We’re here for one reason really, and in a sense, Harvard exists for only one reason — the future of the world depends more than anything else on what young people learn and go forth and do. That, more than anything else, is going to determine what this community and what this country and what this world look like in the future.
We try at Harvard to help in many ways. That’s what our college is all about. That’s what our professors as they develop ideas are working on all the time. But we’ve got a responsibility also to the Harvard Class of 2012 and the Harvard Class of 2020 and the Harvard classes of the future, and that’s what this program is all about.
We are delighted to be partners with the City of Boston, with many of the important businesses in the City of Boston, with the Boston schools, and with the Boston city government to try to help young people in this city learn. And that’s what the After School for All Initiative is all about, after school programs for students. When I was talking to people involved with this program at Harvard, I said there were two things I cared about in terms of this program. First was that it be a program that works with students to help them learn, to help them do better in school, to make it more likely that they’ll come to universities like Harvard and someday have jobs like Superintendent Payzant’s or Mayor Menino’s. That was the first thing I thought was important.
The second thing I thought was important was that these programs be fun, that after school programs not just be more school. Yes, they can help with homework. Yes, they can help learn. But I hope they’re fun as well, because that’s a very important part of being a student and that’s a very important part of preparing for life as well.
Believe me, it’s not just the success stories of the people who have gone through these programs, but people do very elaborate studies of programs like this. They’ve found that across the country, they make a very big difference in people’s lives.
That’s why Harvard is very happy to be part of this. We’re providing today 19 different grants that will enable organizations like Sociedad Latina to provide services for over 3,000 children. I hope it makes a difference. I know it’s something that’s very, very important for us to do. But you know something? Harvard would not be doing what it could do, or what it should do, if this was just about us writing checks.
The Mayor spoke the day before yesterday in his inaugural speech about being partners with universities and being partners with Harvard in particular to make these communities better, and I welcomed what he said, because Harvard and Boston, Harvard and this area, have a common destiny.
If we succeed in all the things that we do, it will help Boston and Cambridge and the other surrounding communities. If Cambridge and Boston succeed in all the things they are trying to do, we will be a better university for it. And part of being that better university is that we will help with our spirit as well as with our money.

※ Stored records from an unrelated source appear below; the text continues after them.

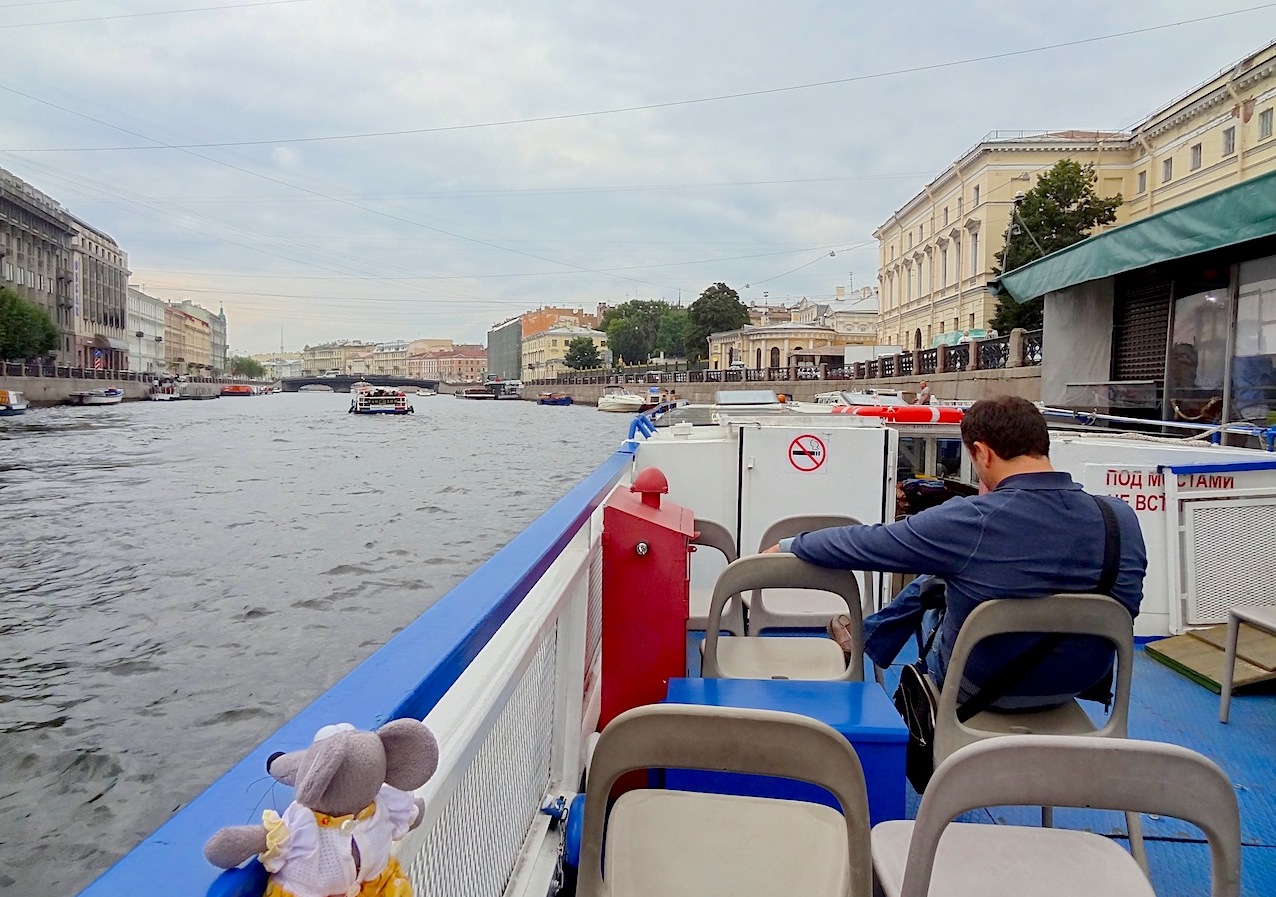 bateau sur la Fontanka à Saint-Pétersbourg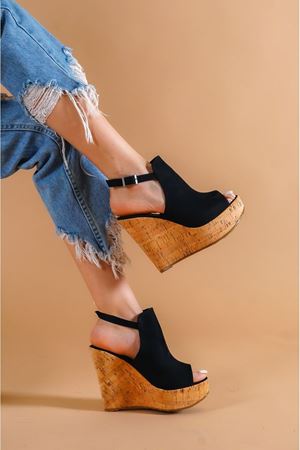 Siyah Athena Mantar Siyah Süet Dolgu Topuklu Kadın Bot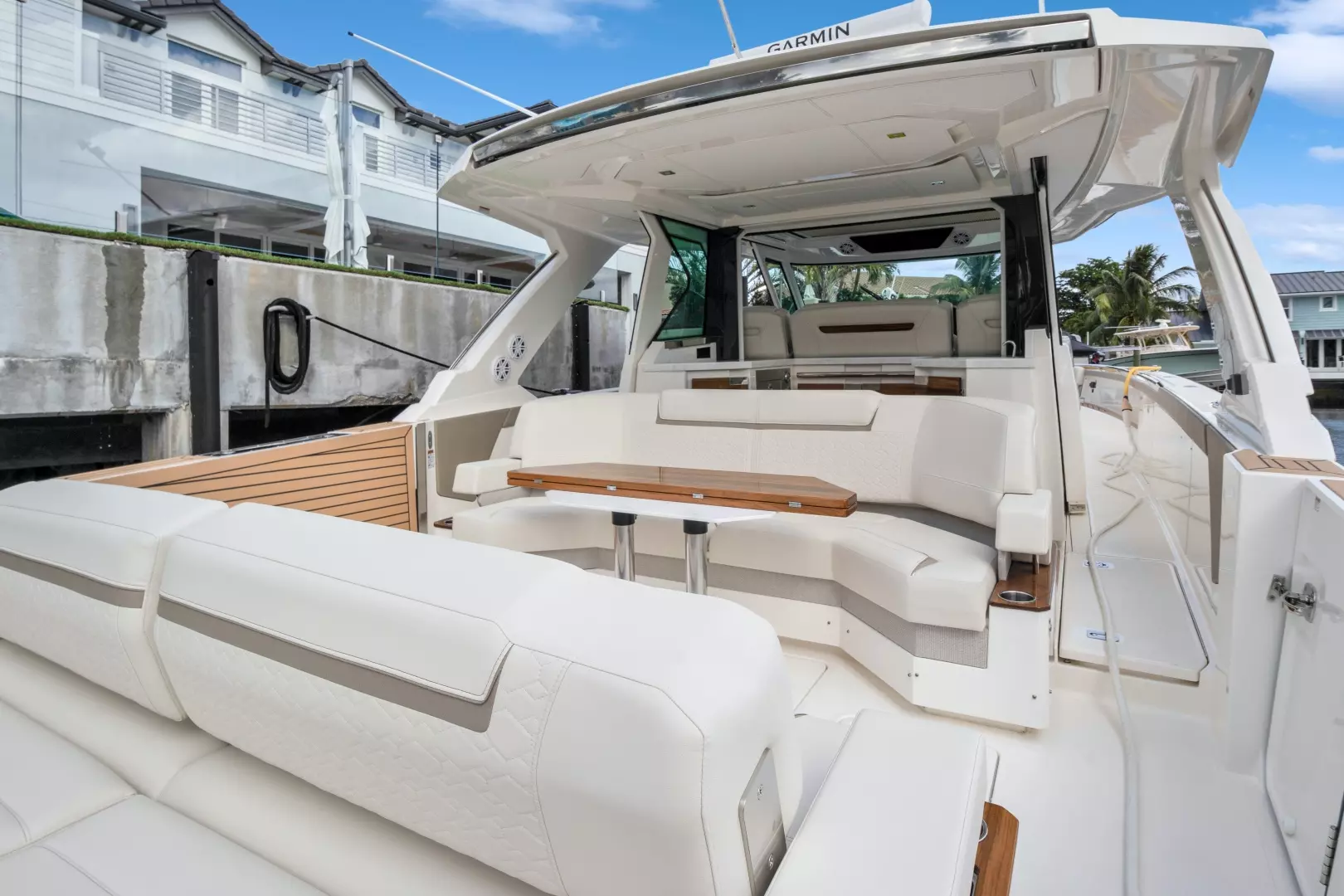 2022 Tiara Yachts — - Image 19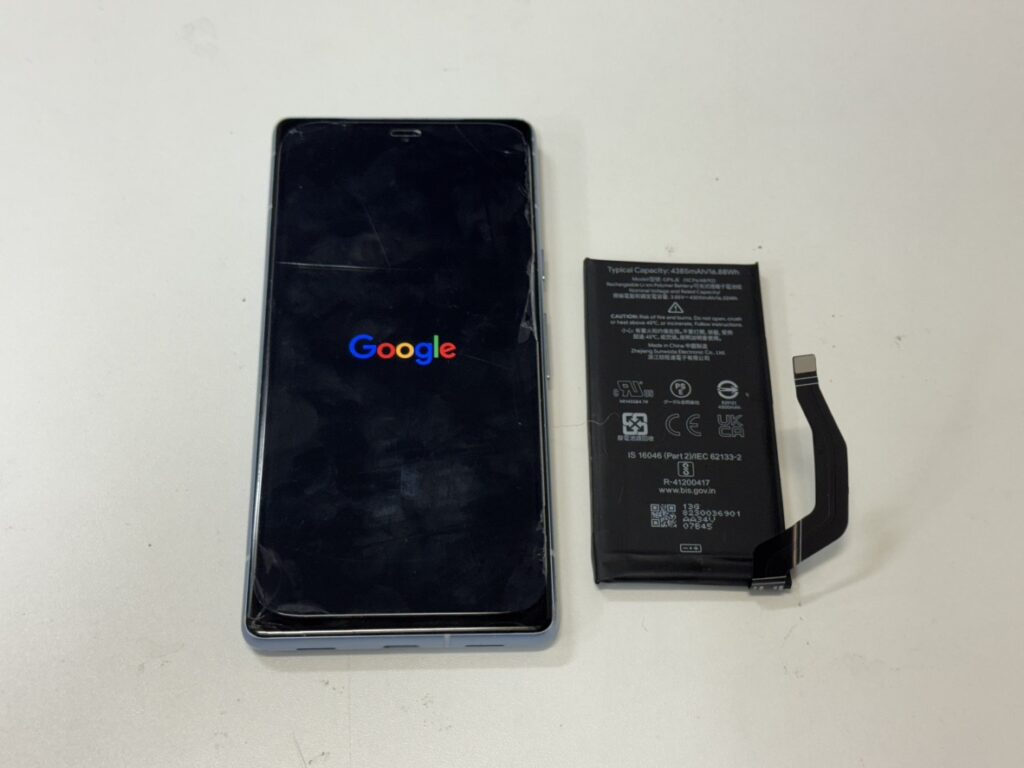 横浜関内でバッテリー交換が完了したPixel 7aの修理後写真|膨張が改善され通常通り使用できる状態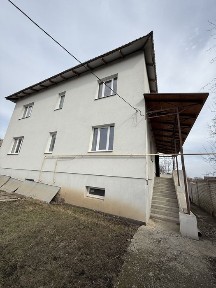 Продам двухэтажный дом, ул. Суворова (Татлина), 250 м2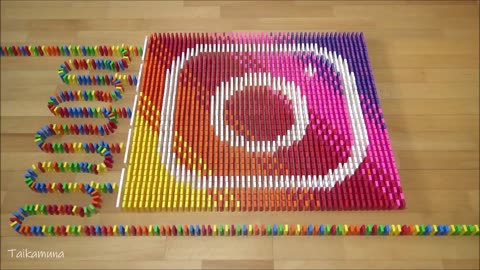 Social Media Apps Made From 20,000 DOMINOES _ Satisfying Domino Screen Link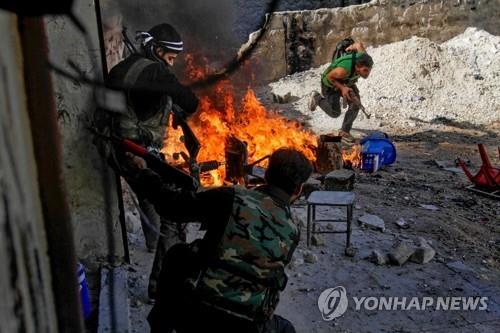 2012년 11월 시리아 정부군과 교전 중인 반군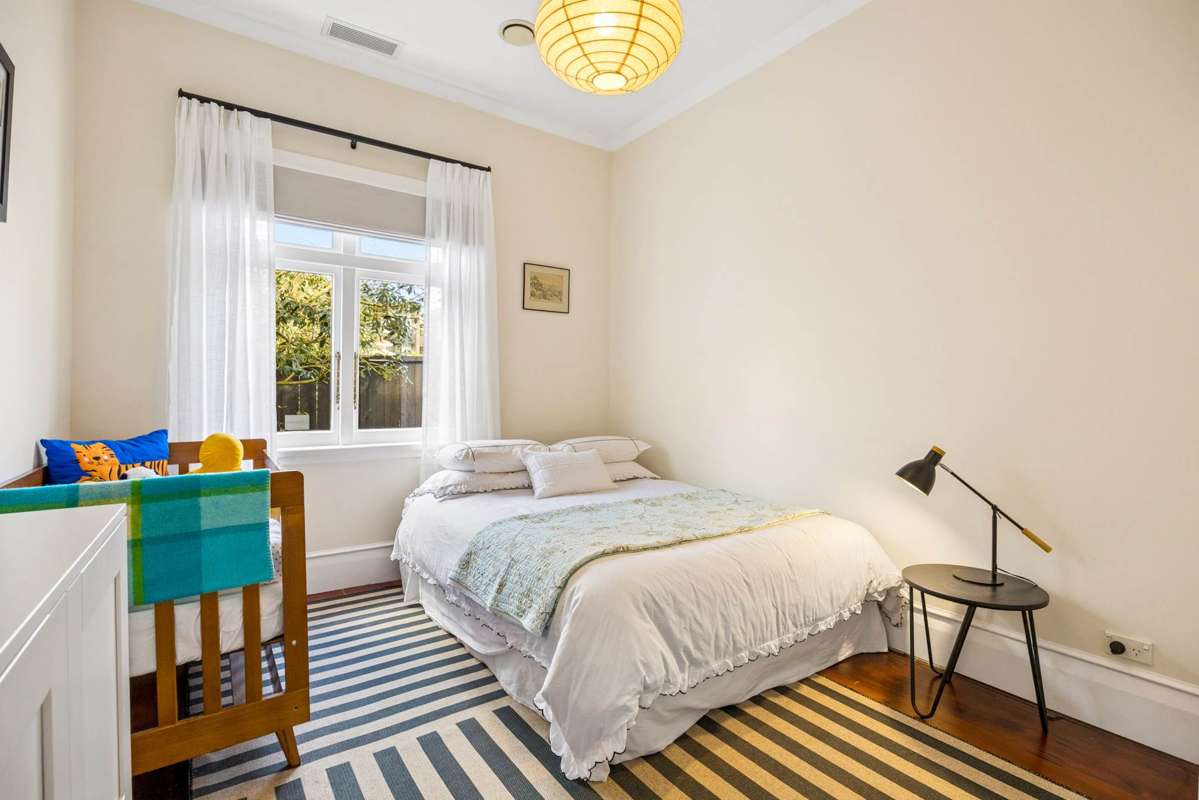 1B Segar Avenue_5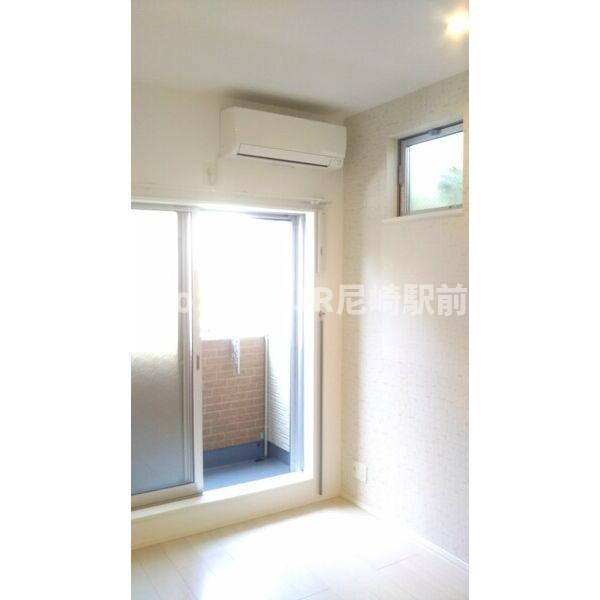 居室・リビング　コンパクトで使いやすい洋室です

That is why I am so pleased that a very large fraction of Harvard undergraduates, of Harvard students each year, participate in various kinds of volunteer programs, making a difference in this community. I want to salute the efforts of the students from Phillips Brooks House. I want to salute the efforts of many of our faculty, who take an interest in urban issues. We have and will continue to make the financial contribution that we’re discussing here today, but no less important is the contribution of the goodwill and the spirit of the people of the Harvard community working with Cambridge, working with Boston, and above all for me, working with the children, who are our neighbors.
It’s now my great pleasure to introduce a friend, introduce a friend of Harvard’s, a friend of mine, and above all, a man who has dedicated his life to making things better for working families everywhere, a man who has dedicated his public service to the future of the children who are here with us today, the man Boston is proud to call its Mayor, Mayor Tom Menino.